● Exercise instructions:
The answer is an exact repeat of the entries below, with the pictures omitted.
─── Excerpted records ───
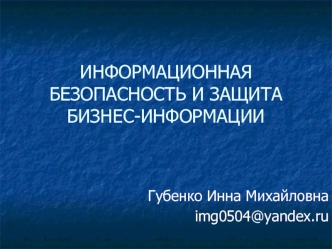 Информационная безопасность и защита бизнес-информации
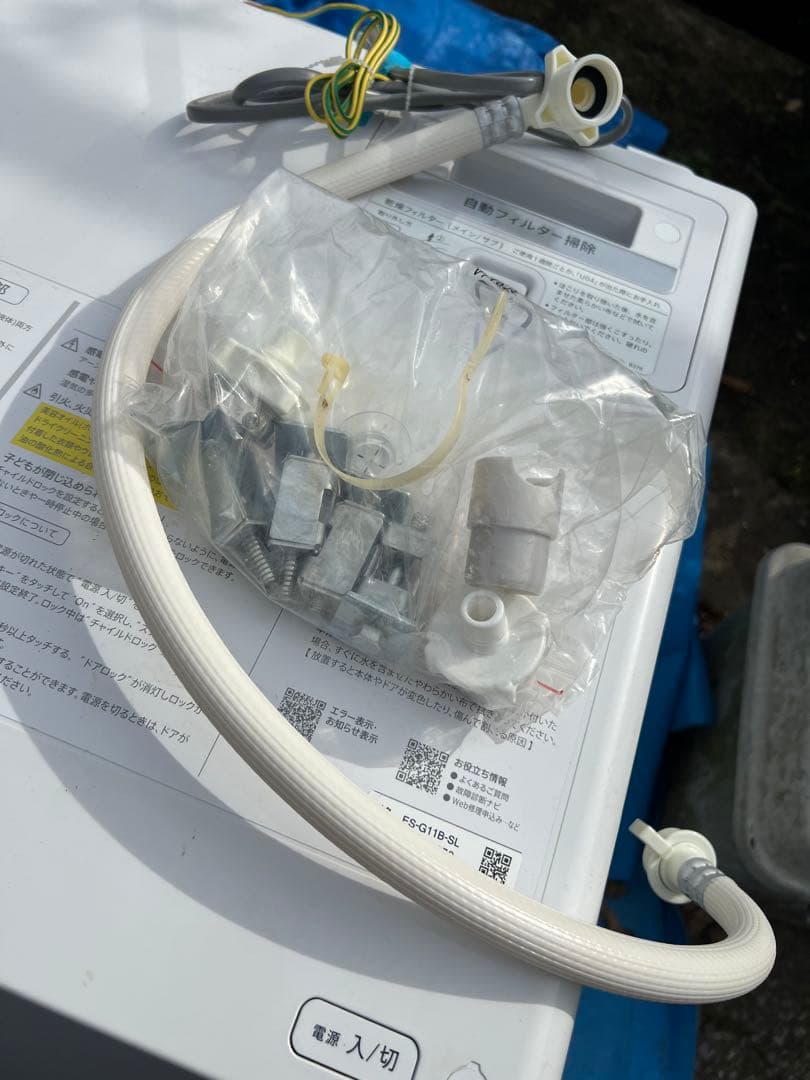 K 美品 SHARP ドラム式洗濯乾燥機ES-G11B-SL 2024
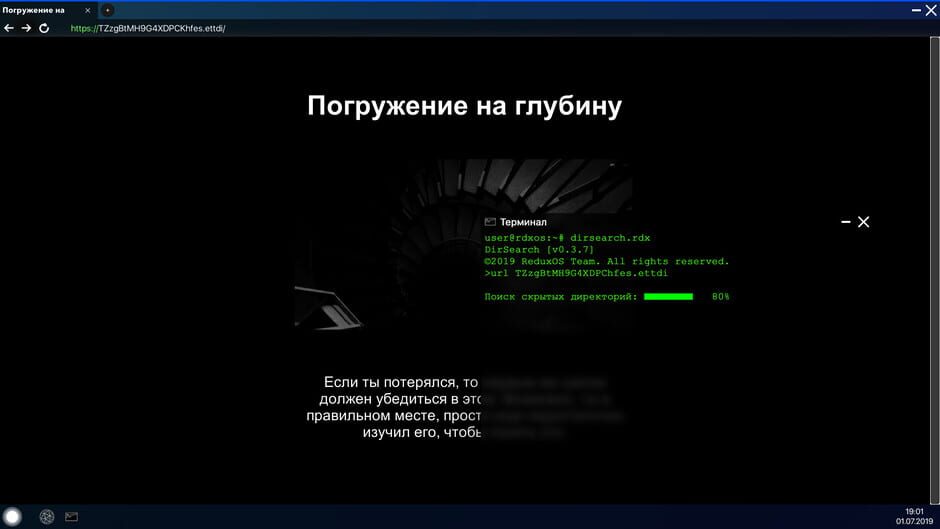 Project DeepWeb Screenshot
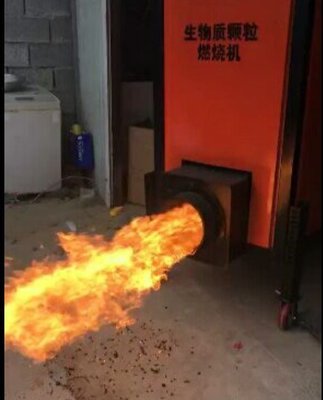 鍋爐顆粒燃燒機， 生物質燃燒機 數控生物質顆粒燃燒機 節能環保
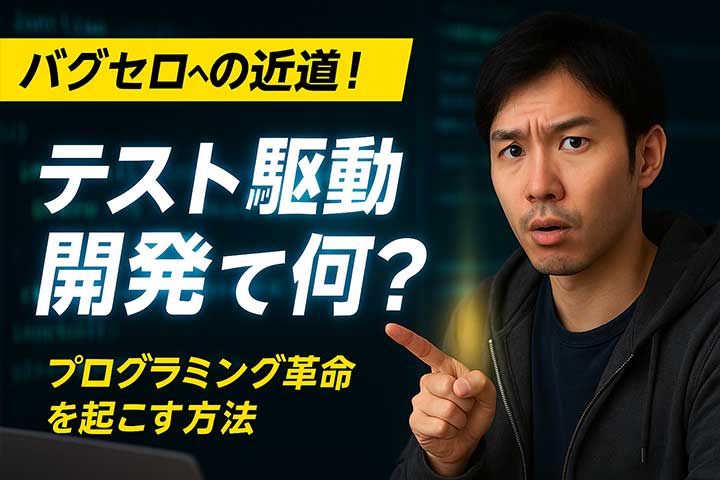 テスト駆動開発のメリットは何か？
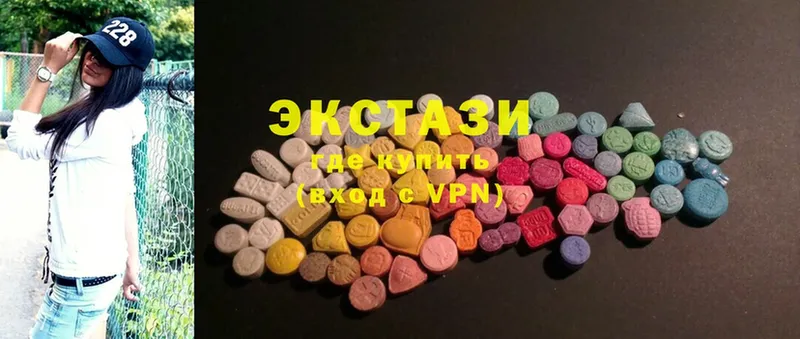 наркотики  кракен зеркало  ЭКСТАЗИ 300 mg  Белебей 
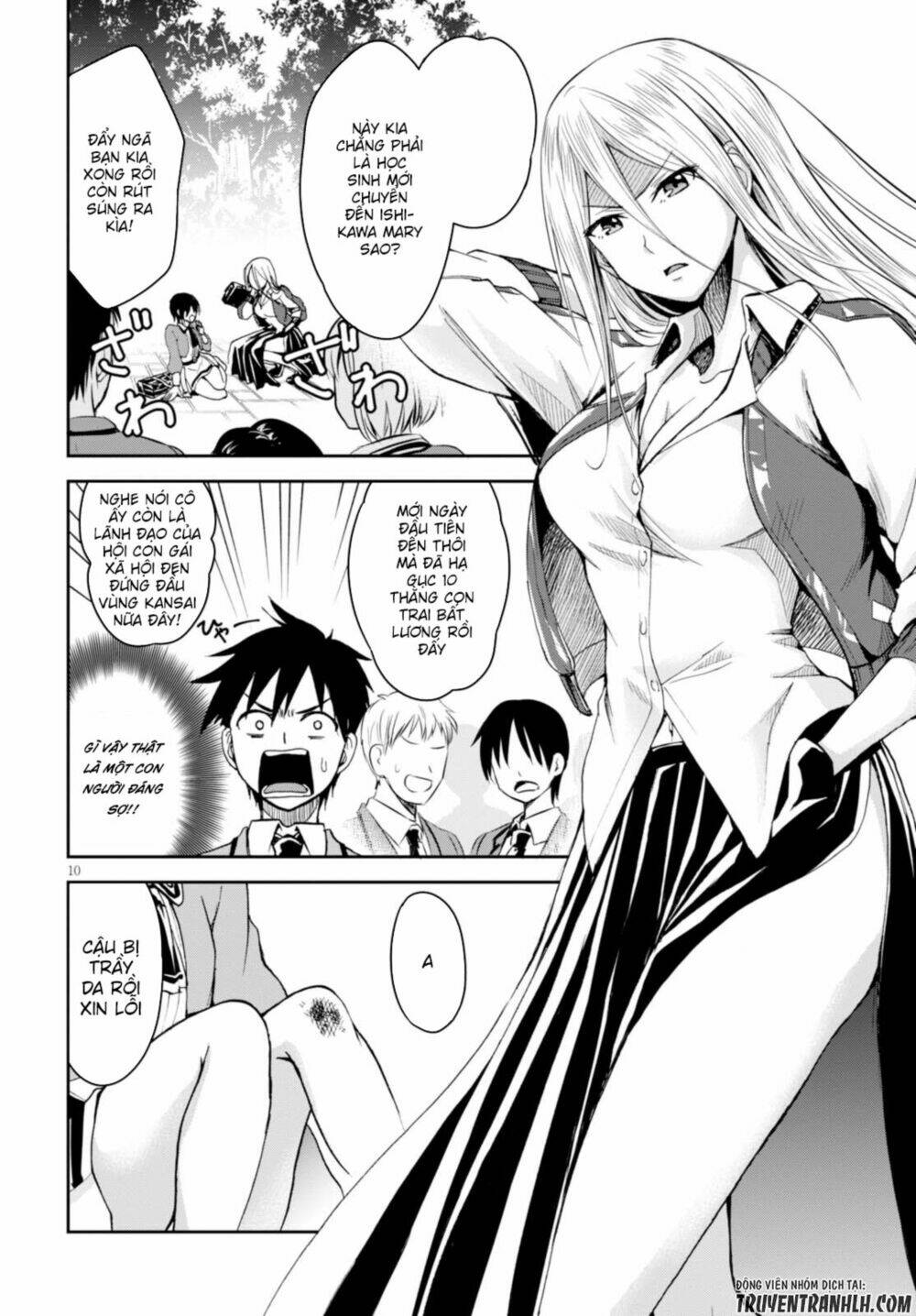 shinobi kill chapter 2 12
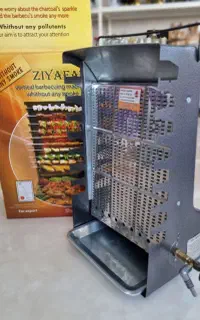 کباب پز8سیخ ضیافت،مدل شعله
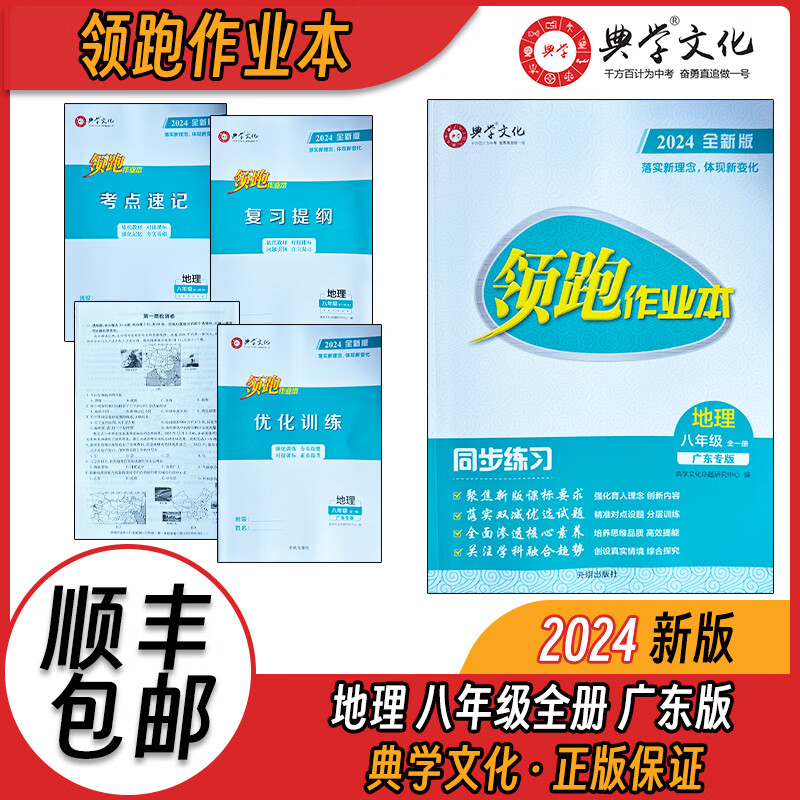正版顺丰 领跑作业本地理 同步练习八年级全一册rj2024全新版广东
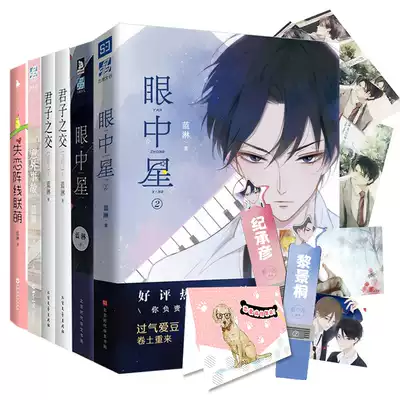 Spot Blue Rain complete works Total 6 volumes lovelorn front Lianmeng gentleman's friend upper and lower volumes Accident eye star 1-2 volumes BB-189 8 genuine flash hair Z2 Youth Literary city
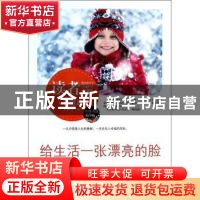 正版 给生活一张漂亮的脸 夏妙录著 中央编译出版社 978751171894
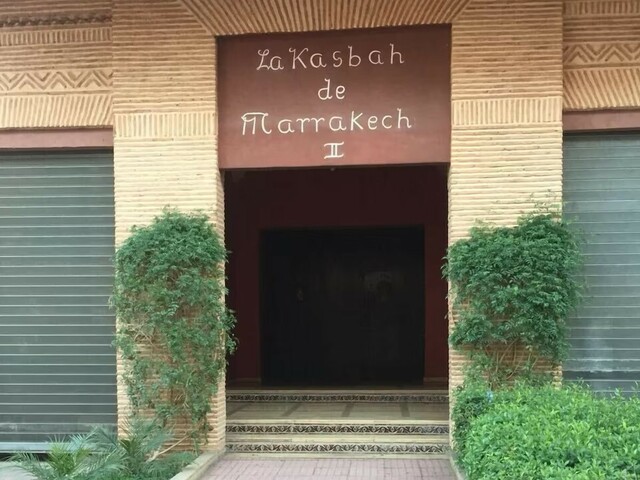 фото отеля Majestic Marrakech изображение №1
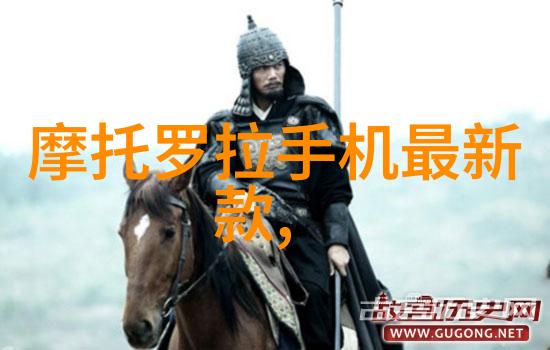 解析反应器设计结构组成的艺术与科技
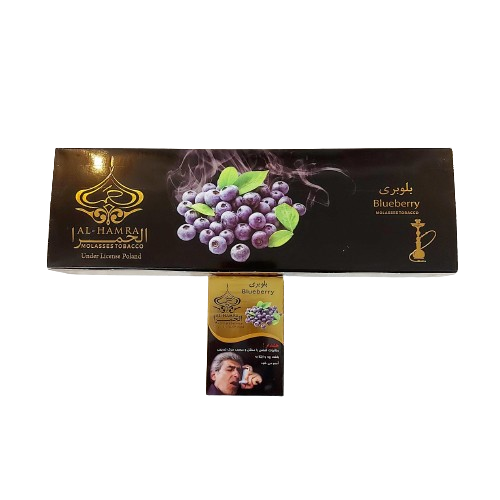 تنباکو باکسی بلوبری برند الحمرا 1010344 دیجی قلیون تنباکو باکسی بلوبری برند الحمرا 1010344 دیجی قلیون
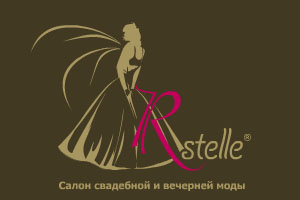 Свадебный салон Rstelle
───
● Answer:
 Информационная безопасность и защита бизнес-информации
 K 美品 SHARP ドラム式洗濯乾燥機ES-G11B-SL 2024
 Project DeepWeb Screenshot
 鍋爐顆粒燃燒機， 生物質燃燒機 數控生物質顆粒燃燒機 節能環保
 テスト駆動開発のメリットは何か？
 наркотики  кракен зеркало  ЭКСТАЗИ 300 mg  Белебей 
 shinobi kill chapter 2 12
 کباب پز8سیخ ضیافت،مدل شعله
正版顺丰 领跑作业本地理 同步练习八年级全一册rj2024全新版广东
 Spot Blue Rain complete works Total 6 volumes lovelorn front Lianmeng gentleman's friend upper and lower volumes Accident eye star 1-2 volumes BB-189 8 genuine flash hair Z2 Youth Literary city
 正版 给生活一张漂亮的脸 夏妙录著 中央编译出版社 978751171894
 фото отеля Majestic Marrakech изображение №1
 解析反应器设计结构组成的艺术与科技
 تنباکو باکسی بلوبری برند الحمرا 1010344 دیجی قلیون تنباکو باکسی بلوبری برند الحمرا 1010344 دیجی قلیون
 Свадебный салон Rstelle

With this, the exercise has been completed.